Migraine continues to be a hidden disability with only ~ 50 per cent ever being clinically diagnosed by a physician.

Clinical features
The International Headache Society has classified migraine into variety of presentations. The overwhelming number of attacks are either (1) migraine with aura (20-25 per cent) and (2) migraine without aura (~80 per cent). Rare forms of migraine are hemiplegic migraine, retinal migraine and migraine equivalents (migraine aura without headache).

The phases of a migraine attack are divided into 5 clinical phases: (a) prodromal, (b) aura, © headache phase (d) resolution and (e) recovery phase.

Prodromal Symptoms: Prior to the headache ~ 40 per cent of patients complain of prodromal or ‘warning’ symptoms which include loss of appetite or craving for certain foods, change of mood, tiredness and yawning, a heightened perception of heat and cold and fluid retention.

Aura: The aura is defined as transient, focal, reversible neurological symptom which last from five to 60 minutes. It usually precedes the headache but may coincide and continue into the headache and occurs in ~ 20 per cent of patients. By far the commonest aura symptom is visual and is described as a fortification spectra, expanding scotoma and zig-zag lines.

Other aura symptoms are: sensory (numbness or ‘pins and needles’), motor and dysphasia.

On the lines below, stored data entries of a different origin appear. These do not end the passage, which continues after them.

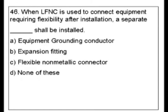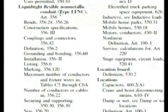Let's find the exact answer. We know all types of conduits have their own section in the code book, so let's look up this LFNC. Here we are in the index — LFNC, liquid tight flexible non-metallic conduit. Key word: non-metallic.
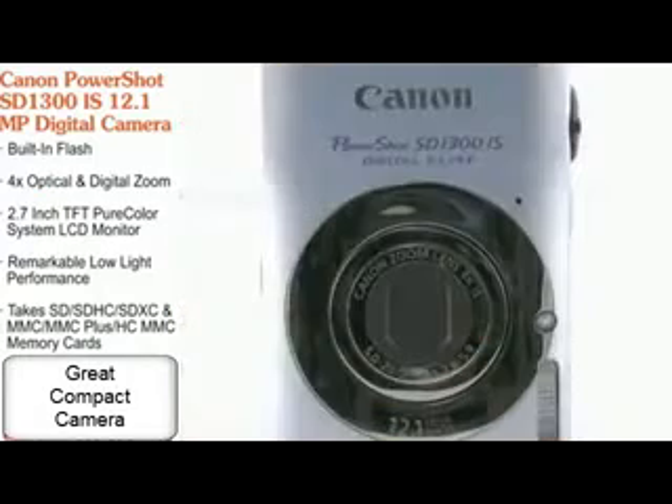In the Smart Auto mode, the camera chooses the proper setting out of 18 predefined shooting situations. Plus, with a 12.1 megapixel resolution, you can finally print those large photographs with clarity and without pixelation.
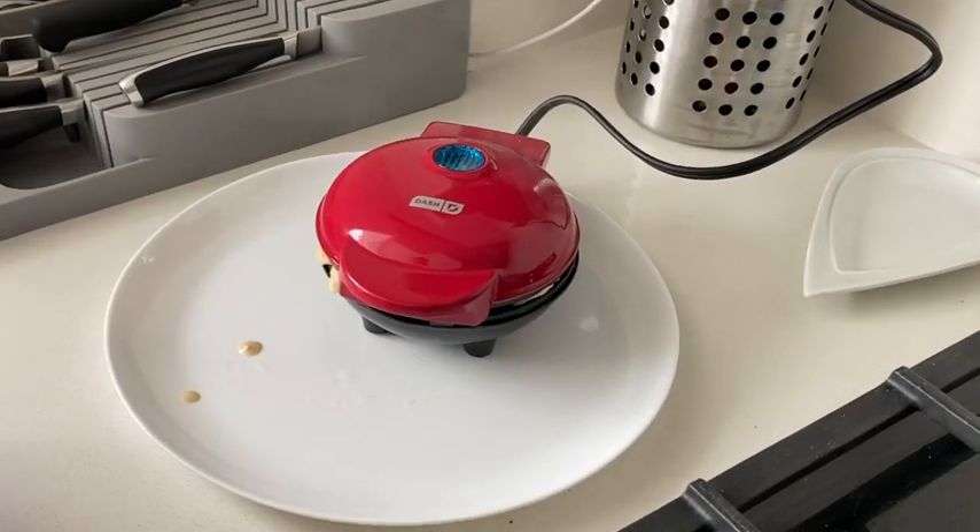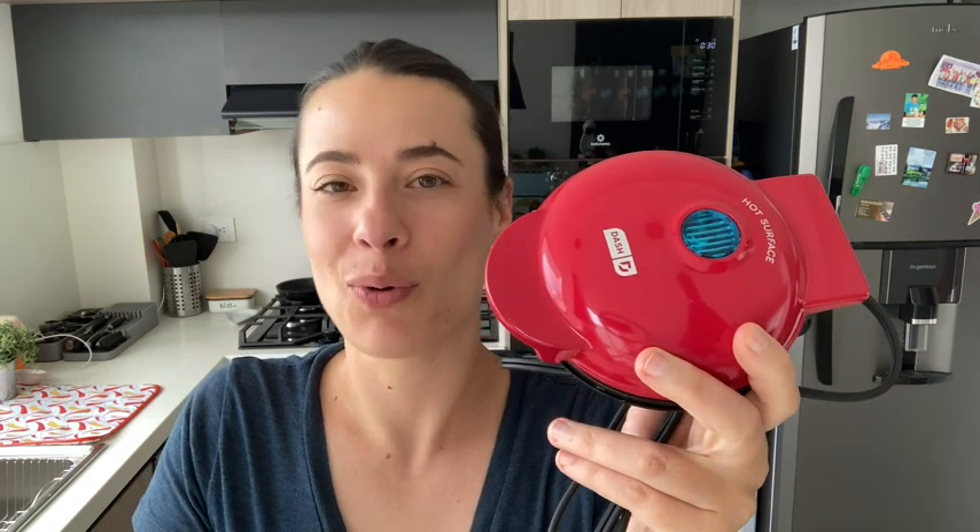I didn't really pay attention to the light so much — I just paid attention to when the steam stopped coming out, and that's when the waffle was ready. So if you want a great waffle maker, get this one. It works really well, cleans up easily, and that's my point of view.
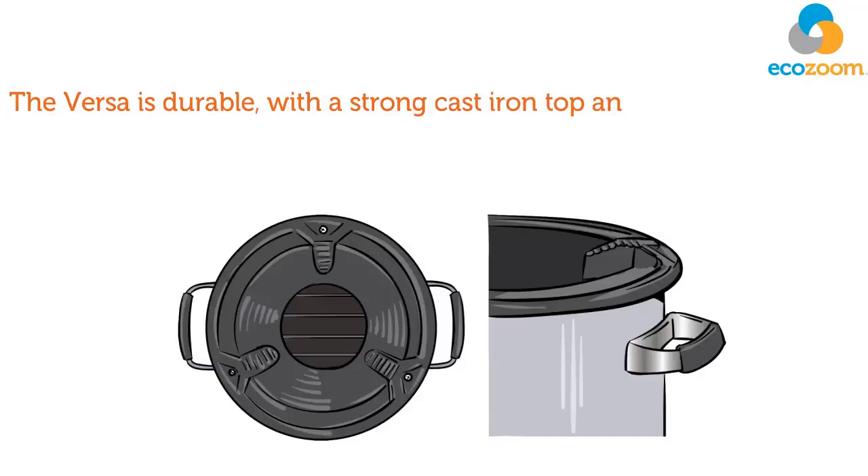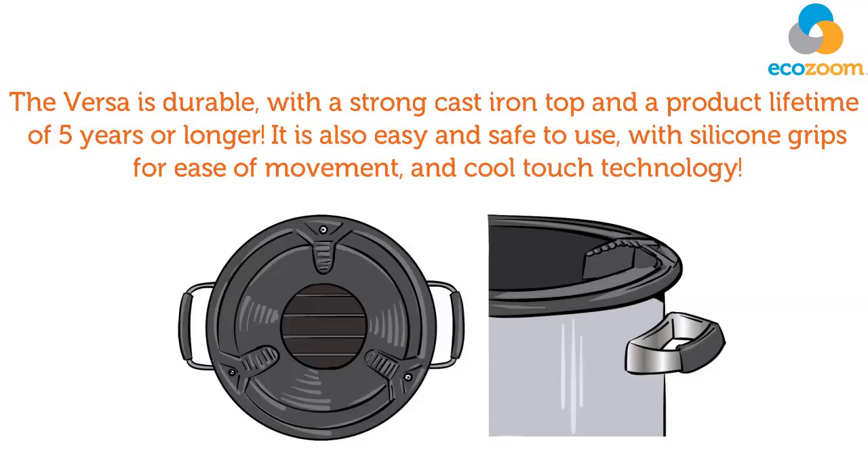The Versa is durable, with a strong cast iron top and a product lifetime of 5 years or longer. It's also easy and safe to use, with silicone grips for ease of movement and cool touch technology.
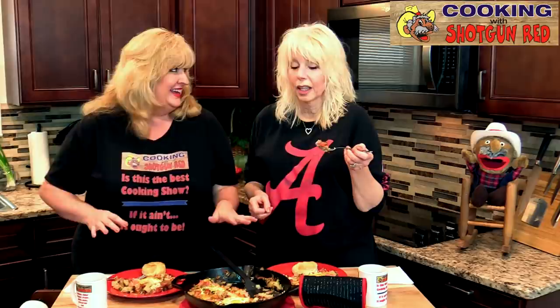Thanks again for watching and liking and sharing, and subscribing. Don't forget to follow us on Facebook, Twitter, Instagram — all of our social media links are right below along with this delicious recipe you are going to want to try. Yes, definitely — this and our biscuits and everything, you're definitely going to want to try. Visit our Shotgun Red website — you can submit a recipe and share one of your recipes with us.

Headache Phase: The headache phase lasts from four to 72 hours and on average it lasts 24 hours. The headache may be either gradual or abrupt in onset. A typical attack has the following clinical features:

1. A unilateral headache which can be localised or extend from the frontal to the occipital regions. It is one-sided in 70 per cent of attacks and may switch sides during the attack. Thirty per cent of attacks are bilateral in location.
2. The headache is throbbing and pounding in character and exacerbated by movement.
3. The headache is severe.
4. Eighty per cent of patients complain of nausea that leads to vomiting in 50 per cent. In some patients vomiting will provide relief from the headache and many migraneurs will induce vomiting to hasten the resolution of symptoms.
5. Photophobia and phonophobia.
6. Cutaneous alloydynia at the location of the headache.

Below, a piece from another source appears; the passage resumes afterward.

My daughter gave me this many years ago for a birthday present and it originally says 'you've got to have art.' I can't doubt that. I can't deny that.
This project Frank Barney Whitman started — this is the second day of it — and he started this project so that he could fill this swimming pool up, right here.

Resolution and Recovery Phase: After the headache phase most patients continue to feel tired, physically drained with a ‘washout’ feeling and require a further period of rest and sleep before they are recovered from an attack. Paradoxically a minority of patients feel euphoric, energetic and can return to normal life within a short time.

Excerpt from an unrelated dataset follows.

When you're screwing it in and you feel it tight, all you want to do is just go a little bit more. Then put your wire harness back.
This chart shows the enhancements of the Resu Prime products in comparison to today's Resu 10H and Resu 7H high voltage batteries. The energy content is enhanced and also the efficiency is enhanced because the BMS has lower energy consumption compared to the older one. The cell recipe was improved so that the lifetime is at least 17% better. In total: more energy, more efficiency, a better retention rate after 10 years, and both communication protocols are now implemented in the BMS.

Pathophysiology of Mi-graine: The aura and headache phases of a migraine attack have separate and distinct underlying mechanisms. The aura is caused by cortical spreading depression (CSD) and the headache by activation of the trigeminovascular system.

Cortical Spreading Depression: Either spontane-ously or on exposure to a trigger factor, patients with a reduced threshold have an increased susceptibility to hyperexcitability of cortical neurons in the visual cortex located in the occiput.

This in turn leads to a self propagating wave of depolarisation across the cerebral cortex at a rate of 2-3mm / min and results in the emergence of the visual symptoms and subsequently the sensory, dysphasic and motor symptoms as the depolarising wave reaches these functional anatomical areas. The aura symptoms follow each other in keeping with the underlying mechanism.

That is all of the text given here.